Entries supplied:
◇ ◇ ◇
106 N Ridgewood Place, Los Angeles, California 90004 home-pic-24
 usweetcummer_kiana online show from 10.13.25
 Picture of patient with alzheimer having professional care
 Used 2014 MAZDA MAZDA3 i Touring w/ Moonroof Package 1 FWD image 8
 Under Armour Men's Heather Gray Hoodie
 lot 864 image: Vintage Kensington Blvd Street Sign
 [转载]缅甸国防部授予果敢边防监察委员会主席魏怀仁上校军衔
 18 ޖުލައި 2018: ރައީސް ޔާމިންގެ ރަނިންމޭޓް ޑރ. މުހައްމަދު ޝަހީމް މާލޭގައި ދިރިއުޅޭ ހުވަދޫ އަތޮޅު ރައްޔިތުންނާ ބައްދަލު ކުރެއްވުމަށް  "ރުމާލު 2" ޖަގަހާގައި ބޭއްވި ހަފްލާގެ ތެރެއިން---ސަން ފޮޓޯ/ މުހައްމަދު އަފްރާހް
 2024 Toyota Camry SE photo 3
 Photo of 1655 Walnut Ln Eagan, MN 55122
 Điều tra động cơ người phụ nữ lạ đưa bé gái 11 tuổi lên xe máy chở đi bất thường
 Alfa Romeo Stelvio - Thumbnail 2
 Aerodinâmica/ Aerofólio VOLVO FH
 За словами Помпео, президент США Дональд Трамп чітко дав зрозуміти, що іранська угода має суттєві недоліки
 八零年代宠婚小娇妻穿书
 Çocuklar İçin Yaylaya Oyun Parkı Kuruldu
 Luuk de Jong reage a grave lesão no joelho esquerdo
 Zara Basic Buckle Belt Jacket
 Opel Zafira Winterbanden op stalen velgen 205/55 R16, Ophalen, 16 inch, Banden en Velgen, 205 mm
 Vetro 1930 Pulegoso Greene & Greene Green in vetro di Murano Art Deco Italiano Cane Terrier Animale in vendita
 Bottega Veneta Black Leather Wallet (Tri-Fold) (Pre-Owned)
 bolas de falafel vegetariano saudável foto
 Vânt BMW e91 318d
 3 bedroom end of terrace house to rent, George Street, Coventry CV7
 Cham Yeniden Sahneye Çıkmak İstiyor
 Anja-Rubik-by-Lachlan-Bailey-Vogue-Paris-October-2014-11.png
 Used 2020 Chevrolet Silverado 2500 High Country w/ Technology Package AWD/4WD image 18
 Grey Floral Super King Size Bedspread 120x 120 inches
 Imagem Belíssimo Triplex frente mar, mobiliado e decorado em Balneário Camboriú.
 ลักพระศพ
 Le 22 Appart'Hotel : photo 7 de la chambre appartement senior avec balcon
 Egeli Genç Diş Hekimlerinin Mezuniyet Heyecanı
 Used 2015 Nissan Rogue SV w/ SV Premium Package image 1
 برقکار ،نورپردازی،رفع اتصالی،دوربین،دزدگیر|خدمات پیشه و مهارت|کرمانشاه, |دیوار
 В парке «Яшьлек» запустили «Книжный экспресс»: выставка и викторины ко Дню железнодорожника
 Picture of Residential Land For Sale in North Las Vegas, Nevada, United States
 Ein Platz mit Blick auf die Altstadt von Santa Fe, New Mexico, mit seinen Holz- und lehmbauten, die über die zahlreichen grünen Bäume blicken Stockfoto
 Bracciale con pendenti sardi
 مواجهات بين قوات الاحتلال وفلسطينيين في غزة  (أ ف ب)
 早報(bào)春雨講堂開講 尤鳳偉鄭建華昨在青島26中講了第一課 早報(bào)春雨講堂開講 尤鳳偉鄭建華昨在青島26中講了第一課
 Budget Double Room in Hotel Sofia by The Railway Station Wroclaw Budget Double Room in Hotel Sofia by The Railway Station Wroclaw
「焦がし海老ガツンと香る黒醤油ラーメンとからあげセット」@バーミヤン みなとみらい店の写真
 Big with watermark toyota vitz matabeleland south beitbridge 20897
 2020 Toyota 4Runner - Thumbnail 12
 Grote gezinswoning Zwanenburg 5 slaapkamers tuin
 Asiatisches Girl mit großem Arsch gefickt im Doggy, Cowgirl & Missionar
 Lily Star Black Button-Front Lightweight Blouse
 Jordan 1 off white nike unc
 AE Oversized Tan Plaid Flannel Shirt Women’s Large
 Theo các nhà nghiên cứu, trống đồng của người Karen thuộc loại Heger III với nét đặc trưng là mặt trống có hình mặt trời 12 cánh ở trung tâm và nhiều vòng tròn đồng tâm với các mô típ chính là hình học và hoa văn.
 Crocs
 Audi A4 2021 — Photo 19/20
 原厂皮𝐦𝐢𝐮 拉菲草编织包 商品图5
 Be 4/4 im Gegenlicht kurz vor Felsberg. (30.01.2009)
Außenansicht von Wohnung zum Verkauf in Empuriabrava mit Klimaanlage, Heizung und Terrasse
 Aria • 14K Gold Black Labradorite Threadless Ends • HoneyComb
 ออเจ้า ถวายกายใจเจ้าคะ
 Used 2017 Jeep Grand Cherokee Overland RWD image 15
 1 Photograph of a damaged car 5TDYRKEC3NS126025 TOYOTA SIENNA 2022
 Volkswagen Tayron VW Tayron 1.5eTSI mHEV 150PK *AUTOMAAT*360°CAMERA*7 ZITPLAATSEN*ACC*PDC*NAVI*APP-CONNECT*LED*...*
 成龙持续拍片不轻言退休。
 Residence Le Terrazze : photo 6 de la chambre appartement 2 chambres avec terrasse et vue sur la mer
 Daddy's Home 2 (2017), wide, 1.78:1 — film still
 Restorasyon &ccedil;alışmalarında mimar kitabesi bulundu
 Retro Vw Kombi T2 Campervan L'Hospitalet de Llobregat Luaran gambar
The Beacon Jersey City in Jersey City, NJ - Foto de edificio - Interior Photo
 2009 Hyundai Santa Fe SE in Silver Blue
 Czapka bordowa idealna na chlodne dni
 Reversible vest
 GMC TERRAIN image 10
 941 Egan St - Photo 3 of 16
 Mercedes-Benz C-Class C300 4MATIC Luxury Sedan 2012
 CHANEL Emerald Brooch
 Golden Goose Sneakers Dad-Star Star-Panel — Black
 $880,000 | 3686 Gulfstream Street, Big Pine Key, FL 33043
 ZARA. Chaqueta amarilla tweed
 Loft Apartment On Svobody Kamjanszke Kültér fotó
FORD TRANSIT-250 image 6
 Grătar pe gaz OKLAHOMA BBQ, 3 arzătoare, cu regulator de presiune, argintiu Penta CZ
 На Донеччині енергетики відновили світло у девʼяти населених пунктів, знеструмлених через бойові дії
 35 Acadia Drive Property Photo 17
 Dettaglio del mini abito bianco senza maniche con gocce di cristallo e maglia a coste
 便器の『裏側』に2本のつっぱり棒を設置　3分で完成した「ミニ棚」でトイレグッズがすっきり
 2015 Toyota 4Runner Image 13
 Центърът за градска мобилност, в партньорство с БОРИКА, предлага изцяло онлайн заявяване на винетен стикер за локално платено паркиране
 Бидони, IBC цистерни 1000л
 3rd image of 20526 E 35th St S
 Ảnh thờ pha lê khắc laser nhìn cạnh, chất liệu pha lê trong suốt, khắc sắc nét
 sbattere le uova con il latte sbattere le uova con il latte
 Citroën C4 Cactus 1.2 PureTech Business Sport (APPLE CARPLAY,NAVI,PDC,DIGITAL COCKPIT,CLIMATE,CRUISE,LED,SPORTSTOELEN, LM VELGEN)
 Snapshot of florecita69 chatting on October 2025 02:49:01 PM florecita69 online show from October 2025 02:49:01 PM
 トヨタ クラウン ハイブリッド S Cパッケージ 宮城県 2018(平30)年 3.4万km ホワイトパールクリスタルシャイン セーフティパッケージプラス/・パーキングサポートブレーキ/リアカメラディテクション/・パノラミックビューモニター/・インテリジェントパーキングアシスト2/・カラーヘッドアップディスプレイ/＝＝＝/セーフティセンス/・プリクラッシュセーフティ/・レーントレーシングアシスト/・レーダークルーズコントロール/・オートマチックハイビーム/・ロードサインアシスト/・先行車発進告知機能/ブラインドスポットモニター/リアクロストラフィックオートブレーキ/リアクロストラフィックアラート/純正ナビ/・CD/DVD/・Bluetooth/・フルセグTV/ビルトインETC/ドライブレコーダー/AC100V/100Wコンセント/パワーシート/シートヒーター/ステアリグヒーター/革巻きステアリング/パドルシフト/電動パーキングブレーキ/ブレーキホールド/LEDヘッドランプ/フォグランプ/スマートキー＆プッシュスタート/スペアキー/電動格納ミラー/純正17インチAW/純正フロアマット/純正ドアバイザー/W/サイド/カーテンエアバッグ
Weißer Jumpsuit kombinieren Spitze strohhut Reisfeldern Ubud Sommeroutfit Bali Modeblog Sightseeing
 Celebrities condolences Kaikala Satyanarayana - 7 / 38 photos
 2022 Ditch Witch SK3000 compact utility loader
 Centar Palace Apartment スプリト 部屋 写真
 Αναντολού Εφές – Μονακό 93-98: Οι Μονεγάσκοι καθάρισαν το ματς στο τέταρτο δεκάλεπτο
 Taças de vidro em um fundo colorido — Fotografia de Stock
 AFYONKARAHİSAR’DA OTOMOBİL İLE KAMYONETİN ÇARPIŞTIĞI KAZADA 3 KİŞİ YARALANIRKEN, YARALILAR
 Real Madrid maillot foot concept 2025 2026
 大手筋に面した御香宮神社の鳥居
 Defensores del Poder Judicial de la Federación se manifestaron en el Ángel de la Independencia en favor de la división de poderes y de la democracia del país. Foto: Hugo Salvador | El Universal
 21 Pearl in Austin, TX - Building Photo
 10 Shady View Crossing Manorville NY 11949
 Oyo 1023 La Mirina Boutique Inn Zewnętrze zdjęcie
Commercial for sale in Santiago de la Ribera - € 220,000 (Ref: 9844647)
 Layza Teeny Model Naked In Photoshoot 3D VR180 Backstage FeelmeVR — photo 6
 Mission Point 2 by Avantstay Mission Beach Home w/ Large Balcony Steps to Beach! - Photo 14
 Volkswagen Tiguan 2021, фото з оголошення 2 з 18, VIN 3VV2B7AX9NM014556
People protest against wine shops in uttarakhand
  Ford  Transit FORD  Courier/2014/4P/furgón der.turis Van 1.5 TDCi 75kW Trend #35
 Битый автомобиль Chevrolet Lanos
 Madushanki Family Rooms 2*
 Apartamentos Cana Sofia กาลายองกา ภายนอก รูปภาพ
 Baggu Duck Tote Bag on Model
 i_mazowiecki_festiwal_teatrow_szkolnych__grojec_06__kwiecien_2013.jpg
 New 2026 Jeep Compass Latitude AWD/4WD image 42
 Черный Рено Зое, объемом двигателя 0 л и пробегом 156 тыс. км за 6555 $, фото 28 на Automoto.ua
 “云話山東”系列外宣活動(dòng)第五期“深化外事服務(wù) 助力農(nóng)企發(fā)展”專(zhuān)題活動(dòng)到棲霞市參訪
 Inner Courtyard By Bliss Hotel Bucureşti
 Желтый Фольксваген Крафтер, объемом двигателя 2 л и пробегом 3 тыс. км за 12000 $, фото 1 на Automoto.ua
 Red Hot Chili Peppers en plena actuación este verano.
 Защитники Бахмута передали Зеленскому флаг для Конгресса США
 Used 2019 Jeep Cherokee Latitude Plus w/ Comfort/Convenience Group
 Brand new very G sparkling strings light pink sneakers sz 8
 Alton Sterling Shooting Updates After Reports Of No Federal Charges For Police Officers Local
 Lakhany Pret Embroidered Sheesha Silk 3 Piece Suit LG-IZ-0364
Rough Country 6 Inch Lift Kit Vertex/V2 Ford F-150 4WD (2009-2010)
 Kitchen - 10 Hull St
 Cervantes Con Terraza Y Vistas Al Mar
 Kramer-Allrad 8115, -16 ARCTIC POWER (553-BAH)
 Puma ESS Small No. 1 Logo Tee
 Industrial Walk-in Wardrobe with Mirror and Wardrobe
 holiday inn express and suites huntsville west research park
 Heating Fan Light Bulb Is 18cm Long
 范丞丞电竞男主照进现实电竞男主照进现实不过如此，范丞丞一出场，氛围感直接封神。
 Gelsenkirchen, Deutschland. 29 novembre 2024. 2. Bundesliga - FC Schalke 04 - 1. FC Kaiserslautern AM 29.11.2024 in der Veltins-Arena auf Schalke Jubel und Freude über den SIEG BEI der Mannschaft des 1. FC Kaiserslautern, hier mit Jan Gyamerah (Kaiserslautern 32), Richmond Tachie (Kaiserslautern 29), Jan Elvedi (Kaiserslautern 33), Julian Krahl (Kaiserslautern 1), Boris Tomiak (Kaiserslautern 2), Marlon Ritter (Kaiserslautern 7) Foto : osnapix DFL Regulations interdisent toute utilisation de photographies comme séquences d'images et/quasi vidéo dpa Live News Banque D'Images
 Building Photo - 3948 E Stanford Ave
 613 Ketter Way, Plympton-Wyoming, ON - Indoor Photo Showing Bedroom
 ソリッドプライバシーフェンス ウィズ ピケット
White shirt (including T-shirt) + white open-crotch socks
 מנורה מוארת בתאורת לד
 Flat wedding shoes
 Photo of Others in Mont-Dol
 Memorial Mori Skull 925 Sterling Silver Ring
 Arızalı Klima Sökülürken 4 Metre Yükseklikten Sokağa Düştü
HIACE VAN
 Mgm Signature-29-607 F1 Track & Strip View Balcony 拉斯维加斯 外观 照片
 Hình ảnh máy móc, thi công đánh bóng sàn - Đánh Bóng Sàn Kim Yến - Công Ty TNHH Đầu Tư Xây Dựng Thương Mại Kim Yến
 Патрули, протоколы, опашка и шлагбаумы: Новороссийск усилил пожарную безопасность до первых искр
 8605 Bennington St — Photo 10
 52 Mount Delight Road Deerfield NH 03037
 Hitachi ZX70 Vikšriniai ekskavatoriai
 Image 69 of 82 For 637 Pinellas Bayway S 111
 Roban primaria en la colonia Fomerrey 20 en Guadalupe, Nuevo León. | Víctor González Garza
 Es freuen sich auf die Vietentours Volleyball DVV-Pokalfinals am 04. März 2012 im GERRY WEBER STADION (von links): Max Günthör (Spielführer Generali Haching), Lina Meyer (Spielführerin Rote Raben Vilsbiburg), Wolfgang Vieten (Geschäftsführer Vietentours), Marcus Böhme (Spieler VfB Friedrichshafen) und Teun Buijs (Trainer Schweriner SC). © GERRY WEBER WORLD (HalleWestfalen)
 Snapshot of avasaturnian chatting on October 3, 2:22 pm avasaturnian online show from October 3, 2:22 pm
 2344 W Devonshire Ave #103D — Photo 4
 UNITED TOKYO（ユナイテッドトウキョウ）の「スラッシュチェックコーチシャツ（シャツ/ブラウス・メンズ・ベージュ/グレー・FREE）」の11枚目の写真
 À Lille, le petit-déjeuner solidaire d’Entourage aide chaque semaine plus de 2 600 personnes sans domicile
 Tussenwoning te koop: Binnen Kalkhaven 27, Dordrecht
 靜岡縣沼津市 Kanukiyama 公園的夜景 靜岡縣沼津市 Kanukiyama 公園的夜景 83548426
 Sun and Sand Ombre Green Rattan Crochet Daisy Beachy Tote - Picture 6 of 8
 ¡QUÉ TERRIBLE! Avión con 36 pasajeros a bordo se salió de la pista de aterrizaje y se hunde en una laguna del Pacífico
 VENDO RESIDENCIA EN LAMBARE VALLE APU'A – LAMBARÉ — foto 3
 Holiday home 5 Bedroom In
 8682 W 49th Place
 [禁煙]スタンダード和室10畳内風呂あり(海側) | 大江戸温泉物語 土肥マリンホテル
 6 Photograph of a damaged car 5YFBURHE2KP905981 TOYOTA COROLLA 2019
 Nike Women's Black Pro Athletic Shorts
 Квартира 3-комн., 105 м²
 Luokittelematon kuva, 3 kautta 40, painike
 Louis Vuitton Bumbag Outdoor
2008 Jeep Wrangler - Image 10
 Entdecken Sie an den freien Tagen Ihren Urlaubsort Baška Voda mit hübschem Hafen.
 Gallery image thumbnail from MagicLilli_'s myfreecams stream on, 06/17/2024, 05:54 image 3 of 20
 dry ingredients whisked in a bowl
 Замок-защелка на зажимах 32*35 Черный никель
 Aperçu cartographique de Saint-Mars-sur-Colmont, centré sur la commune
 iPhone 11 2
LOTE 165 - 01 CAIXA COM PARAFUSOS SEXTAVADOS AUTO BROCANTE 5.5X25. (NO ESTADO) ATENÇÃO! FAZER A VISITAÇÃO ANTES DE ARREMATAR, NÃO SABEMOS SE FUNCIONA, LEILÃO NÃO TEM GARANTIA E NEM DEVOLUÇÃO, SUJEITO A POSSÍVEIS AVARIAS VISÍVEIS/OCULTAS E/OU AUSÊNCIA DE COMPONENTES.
◇ ◇ ◇
Required work:
From the entries above, list each line with "Large" in it.

Written solution:
 AE Oversized Tan Plaid Flannel Shirt Women’s Large
 Mission Point 2 by Avantstay Mission Beach Home w/ Large Balcony Steps to Beach! - Photo 14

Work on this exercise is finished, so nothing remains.